Shaver, I don't necessarily disagree with your points about Future, but we should probably discuss those elsewhere. > Also, and more specifically about this bug: how can a motivated developer set > up an environment to hack the software in question, if they are, as > aforementioned, motivated? I am more than happy to have developers work on > tool improvements where their perceived-critical needs exceed releng's > bandwidth, but I don't know how to let them self-service. There's no fix for this with the current system. As I mentioned a few comments back, it's not possible to know what the log URL is going to be (it includes the start time of the build, the time the end-of-build mail was processed, and the PID of the processing process IIRC). One possible alternative would be to move the e-mail notifications somewhere else. This other system could be notified from Buildbot or scrape Tinderbox for status. Either way it would have to scrape Tinderbox for the logs. This could even be added to TBPL, I think, considering it already does all of this except the actual e-mailing part. (This would have the added benefit of enabling e-mail notifications for branches, too.) cc'ing mstange in case he has thoughts on tbpl e-mail notifications.

Robert Sayre

Comment 8

•

15 years ago

(In reply to comment #7) > > There's no fix for this with the current system. As I mentioned a few comments > back, it's not possible to know what the log URL is going to be (it includes > the start time of the build, the time the end-of-build mail was processed, and > the PID of the processing process IIRC). why don't we change the log URLs to use a UUID based on the start time? is that what it uses to actually draw the waterfall?
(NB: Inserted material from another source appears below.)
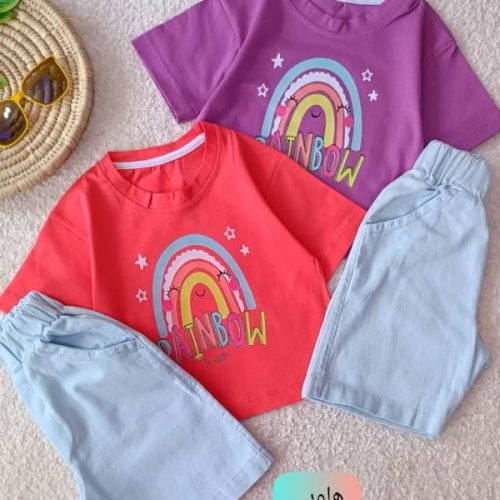 Girls' crop shorts from 8 months to 4 years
bhearsum@mozilla.com (:bhearsum)

Comment 9

•

15 years ago

(In reply to comment #8) > (In reply to comment #7) > > > > There's no fix for this with the current system. As I mentioned a few comments > > back, it's not possible to know what the log URL is going to be (it includes > > the start time of the build, the time the end-of-build mail was processed, and > > the PID of the processing process IIRC). > > why don't we change the log URLs to use a UUID based on the start time? is that > what it uses to actually draw the waterfall? We don't own the Tinderbox Server code. Getting patches into it is _extremely_ painful. Additionally, we're explicitly trying to move away from Tinderbox and therefore I don't think it's a good place to spend time and effort.

Mike Shaver (:shaver -- probably not reading bugmail closely)

Comment 10

•

15 years ago

If we're trying to move away from it, it seems like we could just fork locally, though maybe there are upstream improvements that we want to take before we migrate away? If the master specified the log file name to the slaves, we'd be all set indeed. I can almost visualize the places in TB code that would need to change for it!

bhearsum@mozilla.com (:bhearsum)

Comment 11

•

15 years ago

(In reply to comment #10) > If we're trying to move away from it, it seems like we could just fork locally, > though maybe there are upstream improvements that we want to take before we > migrate away? IT manages Tinderbox, so that would have to be run by them. I don't care either way, other than the fact that I don't want to spend much time hacking Tinderbox. > If the master specified the log file name to the slaves, we'd be all set > indeed. I don't think the master should be telling Tinderbox what to name the log file - it wouldn't be possible for Tinderbox to guarantee uniqueness in that case. However, I think the log file name should be based on information sent in the end-of-build mail - timestamp, column name - whatever.

Chris AtLee [:catlee]

Comment 12

•

15 years ago

We could also bypass Tinderbox completely by saving the log on the slave, and uploading it alongside the build.

bhearsum@mozilla.com (:bhearsum)

Comment 13

•

15 years ago

(In reply to comment #12) > We could also bypass Tinderbox completely by saving the log on the slave, and > uploading it alongside the build. We should do that, yeah. I don't think that's a great piece for someone without experience with our systems though. That'll require mostly Buildbot hacking.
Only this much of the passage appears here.